→ **EXERCISE DATA**:
+ + +
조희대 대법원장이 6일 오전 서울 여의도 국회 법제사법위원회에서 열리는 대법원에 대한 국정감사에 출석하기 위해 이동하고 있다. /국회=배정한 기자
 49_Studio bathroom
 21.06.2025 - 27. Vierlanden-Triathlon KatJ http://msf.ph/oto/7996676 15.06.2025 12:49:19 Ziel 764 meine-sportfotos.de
+ + +
→ **EXERCISE DETAILS**:
Repeat the lines from the one containing "49_Studio bathroom" through the end of the listing, exactly and without any other lines; both ends are included.

→ **TASK OUTPUT**:
 49_Studio bathroom
 21.06.2025 - 27. Vierlanden-Triathlon KatJ http://msf.ph/oto/7996676 15.06.2025 12:49:19 Ziel 764 meine-sportfotos.de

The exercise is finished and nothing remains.